İstanbul'da 5 yıl önce boşandığı eşine süresiz nafaka ödemesine karar verilen Erkan Can, velayeti eski eşinde olan 5 yaşındaki çocuğunu görmek için İstanbul'dan Samsun'a geldi.

Çocuğunu Görmek İçin Geldiği Samsun'dan Eli Boş Döndü

İstanbul Beykoz’da yaşayan Erkan Can'ın (49) iddiaya göre boşandığı eşine mahkemece 300 bin TL ile aylık 2 bin TL nafaka ödemesine hükmedildi.
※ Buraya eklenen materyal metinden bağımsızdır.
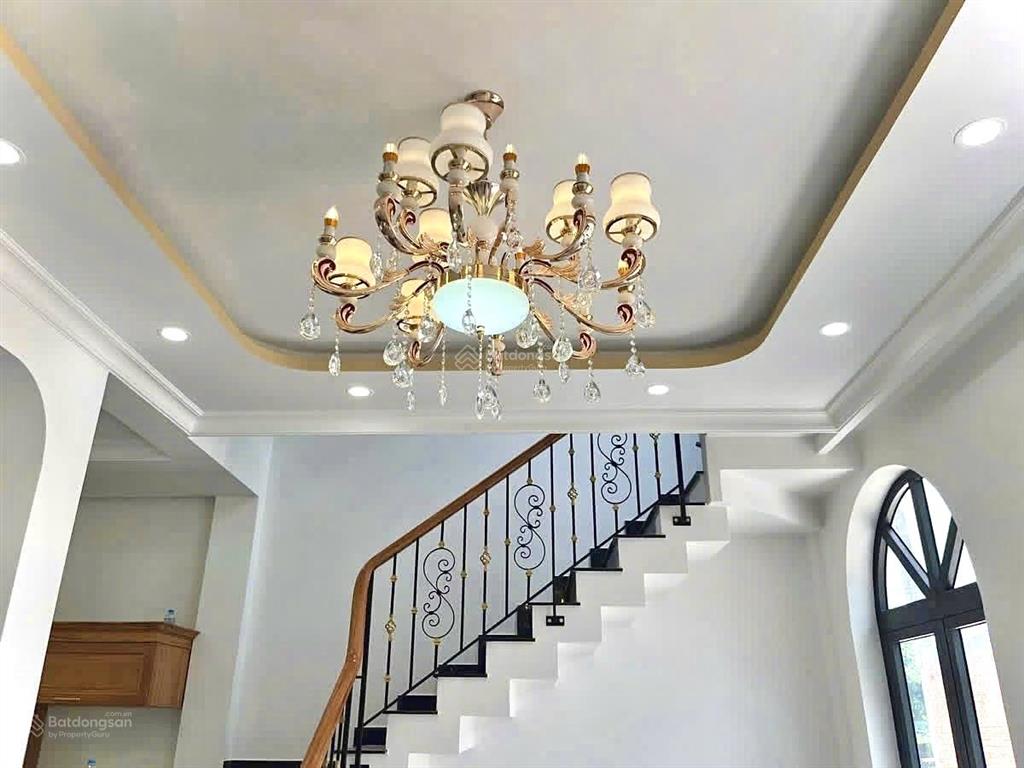 Bán nhà mới gần chợ hiệp bình ngang 6m rộng rãi sổ hồng riêng, dân cư đông đúc.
Nafaka mağduru Erkan Can, eşinin kendisine oyun oynadığını ve 4 ticari aracına da haciz kararı aldırdığını iddia etti.

Erkan Can, mağduriyetini duyurmak için İstanbul’dan Ankara’ya yürüdü. Daha sonra velayeti eski eşinde olan çocuğunu görmek için Samsun'a eski eşinin evinin önüne gelen Erkan Can'a kimse kapıyı açmadı.

"ÇOCUĞUMU GÖRMEK İÇİN EVİN ÖNÜNDE GÜNLERCE BEKLEDİM"
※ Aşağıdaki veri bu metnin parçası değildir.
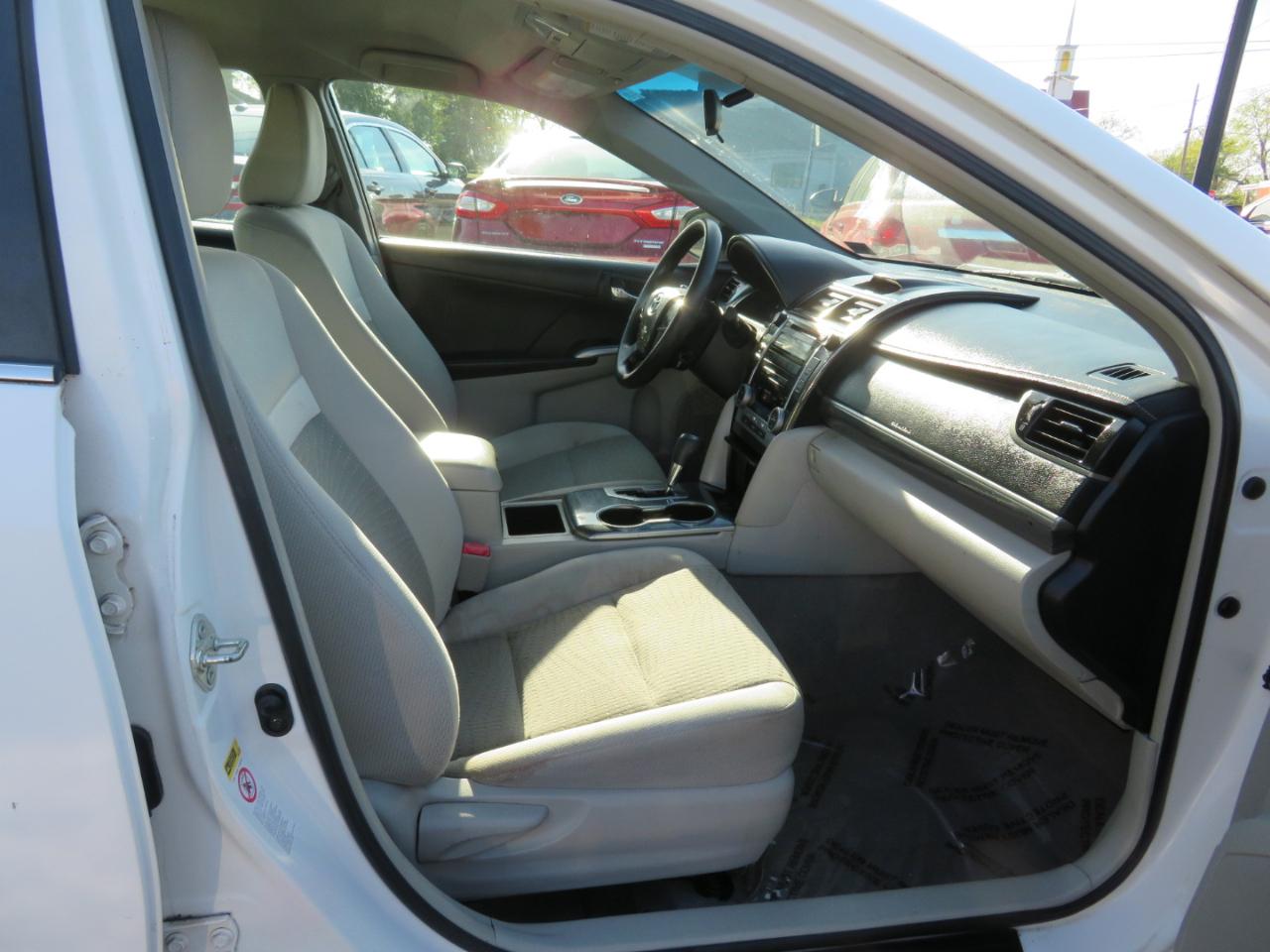 Toyota Camry Hybrid LE 2012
Bina önünde açıklama yapan Erkan Can, "Eski eş mağduruyum, nafaka mağduruyum. Esli eşim Avukatıyla birlikte çeşitli tuzaklar neticesinde araçlarıma, evime hacizler getirdiler. Çocuğumun ve eski eşimin oturduğu apartmana defalarca geldim. Çocuğumu görmek için evin önünde günlerce bekledim. Ama hiçbir şekilde çocuğumu göstermediler. Bugün yine buradayım. Çocuğumun zarar görmemesi için polis eşliğinde veya haciz şeklinde onu almak istemiyorum. Hanımefendinin yaptığı canilikler, bütün itiraflar mevcut. Avukatıyla birlikte yaptıkları planlar mevcut. Hepsini itiraf ediyor. Kendisinin hasta olduğunu fakat hastaneye gittiğinde doktorun 'Eğer tedavi görürsen çocuğun senden alınacak' diye söylemleri oluyor. Şimdi size soruyorum, bir anne 1 buçuk yaşındaki çocuğunu trafiğe açık bir yolda önden 3 metre mesafe olmak kaydıyla yürütüyor ve beni görüntülü arıyor. Az sonra çocuğuna araba çarpacak ve havaya uçacak. Bu kadının ceza alması için ne yapmam gerekiyor? İlla benim çocuğumun ölmesi mi gerekiyor? Diyeceksiniz ki bunca zaman niye şikâyet etmediniz? Çünkü 'ruh hastası olduğunu ve rahatsız olduğunu' ifade etti. Ben de kendisine yardım etmek amacıyla defalarca yardımda bulunmaya çalıştım. Bu durumdaki birini herhalde şikâyet edemezsiniz. Bugün geldiğimiz noktada her şeyin bir plan, bir tuzak olduğunu öğrendiğim için artık bu hak arayışına başladım. İstanbul’dan Ankara’ya yürüdüm. Devlet büyüklerine sesimi ulaştırmaya çalışıyorum" diye konuştu.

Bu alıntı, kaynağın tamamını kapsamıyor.